I always look at objects and wonder, 'How does that work?' or 'How is that manufactured?'
As far back as he can recall Product Engineer Mark Zitto would always look at objects and wonder, “How does that work?” or “How is that manufactured?” His father introduced him to an AMP (TE) engineering manager who gave him a short tour of one of the engineering buildings and explained what engineering was all about. He began his career at TE ten years after graduating, and today feels fortunate to have worked with many people who took the time to help him grow by passing along their expertise and experience. Sharing some of that knowledge with young engineers is a highlight of his current position.
What latest innovation do you see having the biggest impact over the next 10 years?
Ten years is a short period of time when you are talking about innovations having a big impact. I recall a college professor of mine telling the class that the technology existed for thin screen televisions to be built which could be hung on the wall like a picture. That concept seemed so unbelievable at the time but 30 years later such televisions were being mass marketed. Although outside my field, I know there is some fascinating work being done in the field of biomedical engineering. It is impossible to predict which one of the now promising theories will prove viable.
What is the single biggest achievement of your career?
Although no single achievement stands out, every year of my career contains accomplishments which I am proud of from the first patent I received over 20 years ago to the cost savings and product extension projects I am working on today. The highlights of my career include collaborating with great people to achieve goals while growing professionally and personally in the process. I feel fortunate to have worked with many people both within TE and elsewhere who took the time to help me grow by passing along their knowledge, expertise and experience. Sharing some of that knowledge with young engineers is a highlight of my current position.
What engineer do you idolize, and what are they best known for?

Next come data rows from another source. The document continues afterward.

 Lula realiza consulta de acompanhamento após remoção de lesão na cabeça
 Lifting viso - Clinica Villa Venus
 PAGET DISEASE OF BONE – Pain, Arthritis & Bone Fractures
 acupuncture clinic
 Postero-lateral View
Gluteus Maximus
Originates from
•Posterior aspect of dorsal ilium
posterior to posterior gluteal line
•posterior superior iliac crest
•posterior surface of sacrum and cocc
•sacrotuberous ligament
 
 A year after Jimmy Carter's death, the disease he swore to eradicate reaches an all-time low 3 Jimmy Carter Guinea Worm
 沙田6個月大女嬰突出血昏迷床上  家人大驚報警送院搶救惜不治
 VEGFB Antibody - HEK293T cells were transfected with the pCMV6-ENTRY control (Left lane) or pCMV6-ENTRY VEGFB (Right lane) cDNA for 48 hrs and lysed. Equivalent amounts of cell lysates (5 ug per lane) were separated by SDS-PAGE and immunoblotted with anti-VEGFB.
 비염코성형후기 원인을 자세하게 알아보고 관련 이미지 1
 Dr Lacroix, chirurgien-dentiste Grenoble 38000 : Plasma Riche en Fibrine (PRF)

When I hear the word Idolize no engineers come to mind although one prominent businessman does, Bill Gates. As we all know, Mr. Gates had a very successful career and amassed a great fortune as a result. However, it is his philanthropic work which has won my respect. Mr. Gates and his wife created the Bill and Melinda Gates foundation with the objective of trying to make a major impact on some tough problems, such as poor health and severe poverty in developing countries. The Gates’ donate not only their money but more impressively their time and hard work to the cause.
When did you first realize that you wanted to work in engineering, and why?

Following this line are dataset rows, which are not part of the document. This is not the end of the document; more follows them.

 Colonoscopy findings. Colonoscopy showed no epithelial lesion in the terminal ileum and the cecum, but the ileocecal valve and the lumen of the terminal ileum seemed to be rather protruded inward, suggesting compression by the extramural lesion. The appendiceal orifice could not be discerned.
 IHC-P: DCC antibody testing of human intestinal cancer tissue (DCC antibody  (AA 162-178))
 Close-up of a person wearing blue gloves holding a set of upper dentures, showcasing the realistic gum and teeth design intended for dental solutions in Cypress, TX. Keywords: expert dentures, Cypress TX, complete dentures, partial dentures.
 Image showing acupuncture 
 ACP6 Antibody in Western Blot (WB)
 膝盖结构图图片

My father introduced me to an AMP (TE) engineering manager who was kind enough to give me a short tour of one of the engineering buildings and explain what engineering was all about. I did not begin my career at TE until ten years following my college graduation, working first for two different companies prior to TE. As far back as I can recall and to this day I always look at objects and wonder, “How does that work?” or “How is that manufactured?” My curiosity sometimes drives the other members of my family nuts because their minds do not work in a similar fashion. I assume this basic curiosity is present in all of us who work in the engineering fields.
What would you do if you weren't an engineer?

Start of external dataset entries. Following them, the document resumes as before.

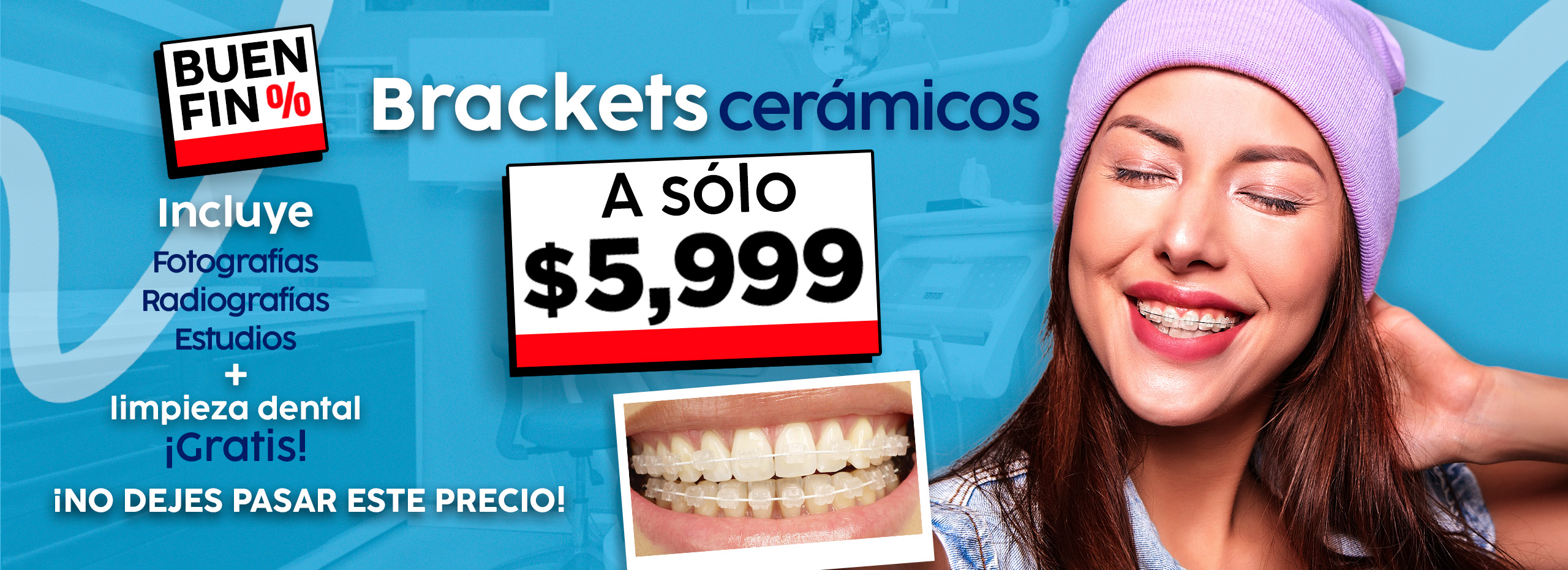 Brackets ceramicos Buen fin Hero Dentric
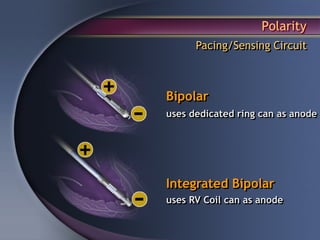 Polarity
      Pacing/Sensing Circuit



Bipolar
uses dedicated ring can as anode




Integrated Bipolar
uses RV Coil can as anode
 
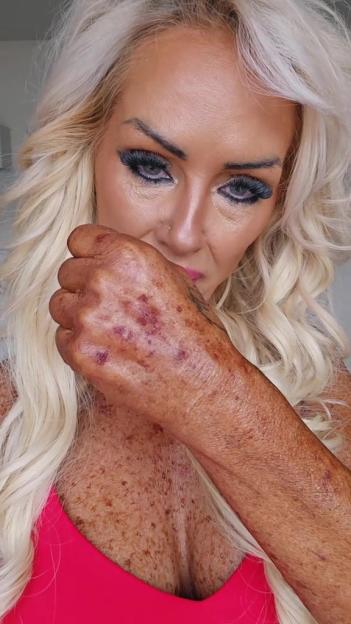 Woman's sun-damaged skin showing age spots and discoloration.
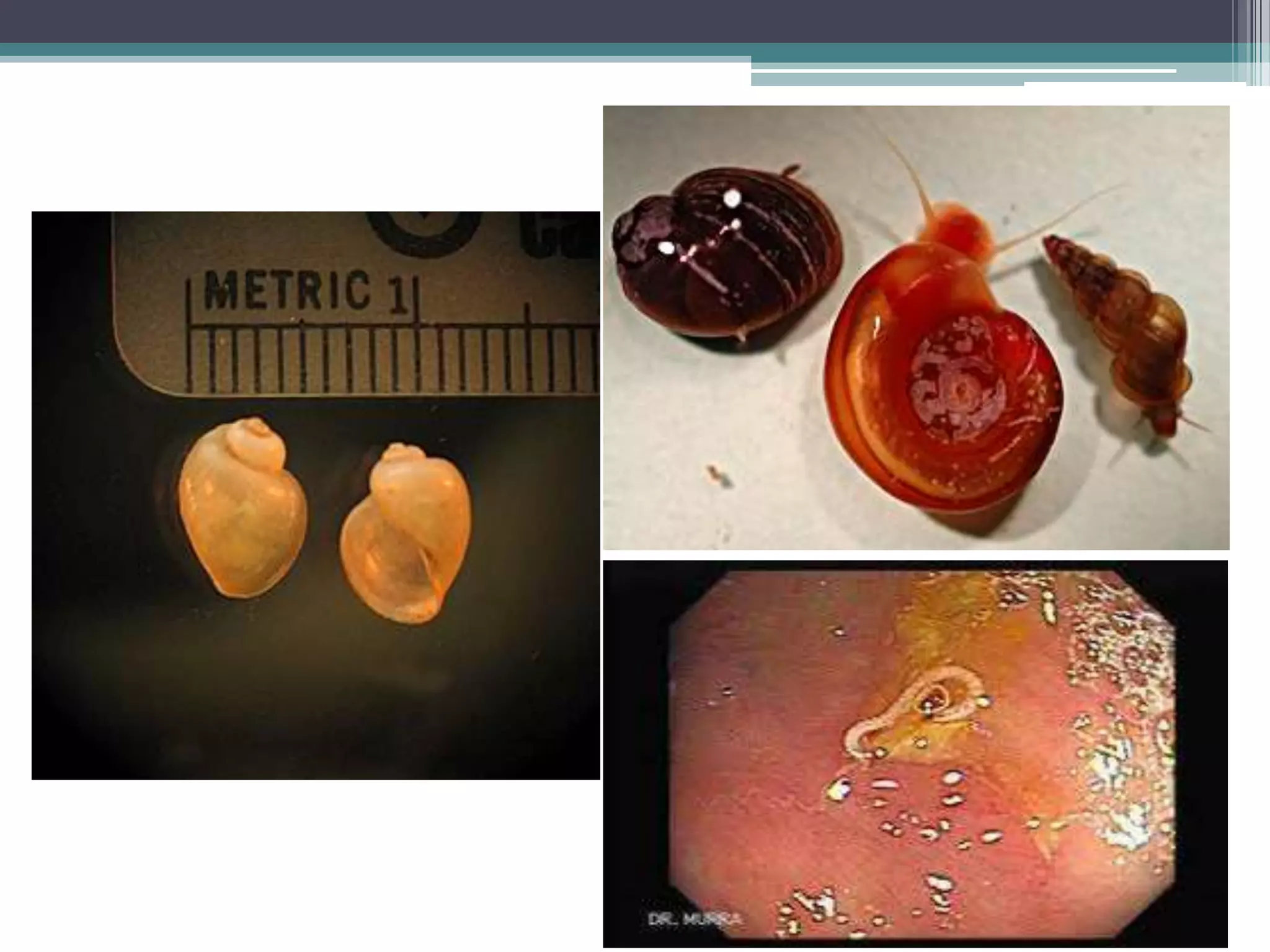 Insect Bladder Urinary schistosomiasis | PPTX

At one point I seriously considered becoming a high school woodworking teacher. Woodworking has always been a hobby of mine and I enjoy teaching young people so the profession seems like a logical fit. The basic steps needed to successfully complete a woodworking project are similar to those used in engineering new products at TE. The process starts with an idea which is then developed into a design able to be manufactured, drawings are created for the components and finally the components are built into the end item.
Sharing some of that knowledge with young engineers is a highlight of my current position.